• _Exercise objective_: Without pictures, retype the following entries exactly.

===== Entries provided =====

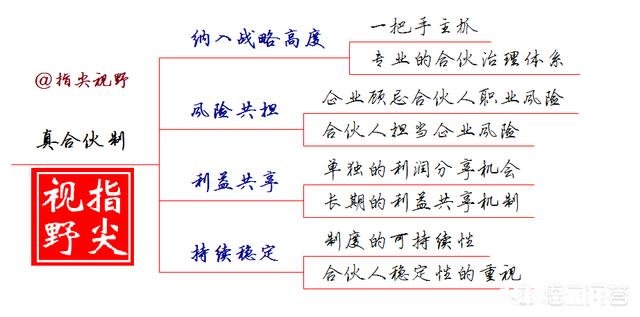 对于员工来说,合伙制到底靠谱不靠谱为什么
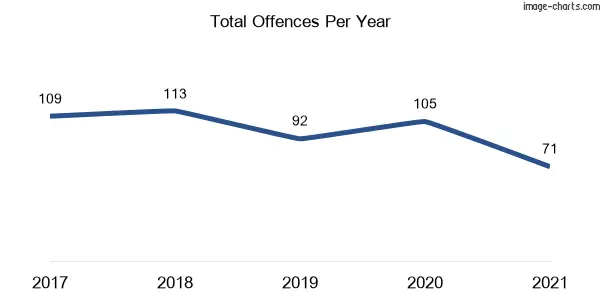 60-month trend of criminal incidents across Birchgrove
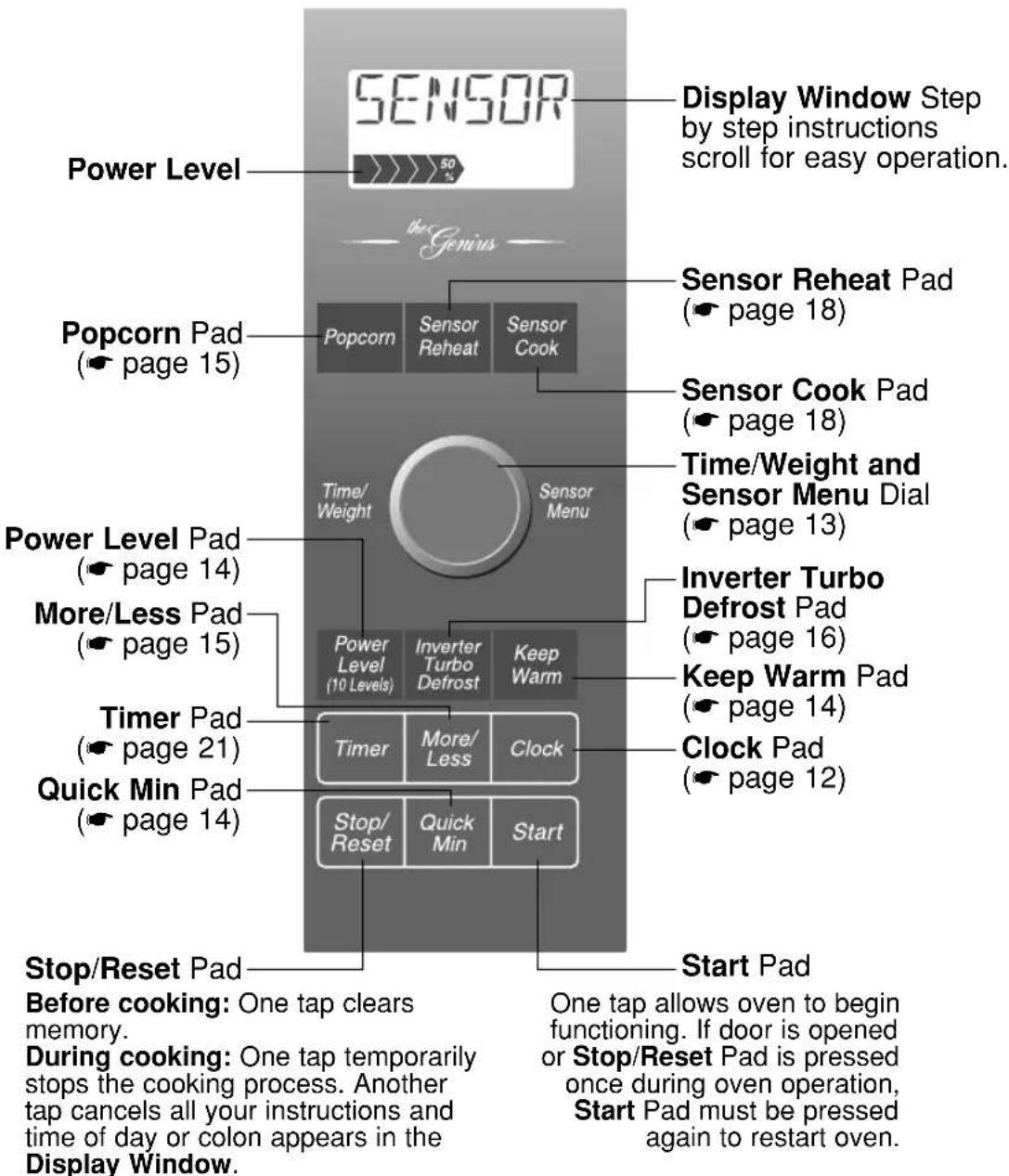 PANASONIC Inverter NN-SD767 - Control Panel - 1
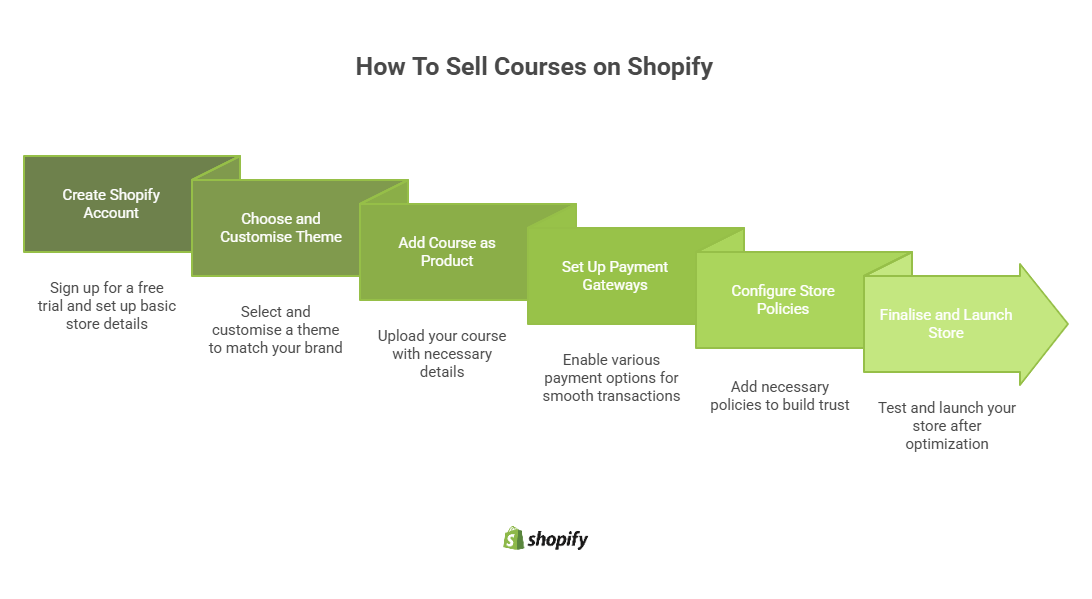 How To Sell Courses on Shopify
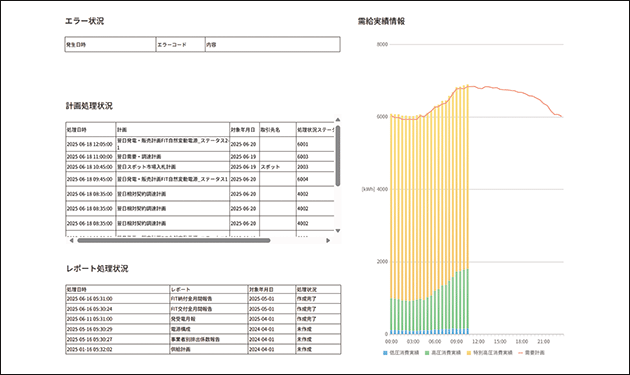 京セラ、地域新電力会社向けの需給管理システムを開発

=====

• _Response_:
 对于员工来说,合伙制到底靠谱不靠谱为什么
 60-month trend of criminal incidents across Birchgrove
 PANASONIC Inverter NN-SD767 - Control Panel - 1
 How To Sell Courses on Shopify
 京セラ、地域新電力会社向けの需給管理システムを開発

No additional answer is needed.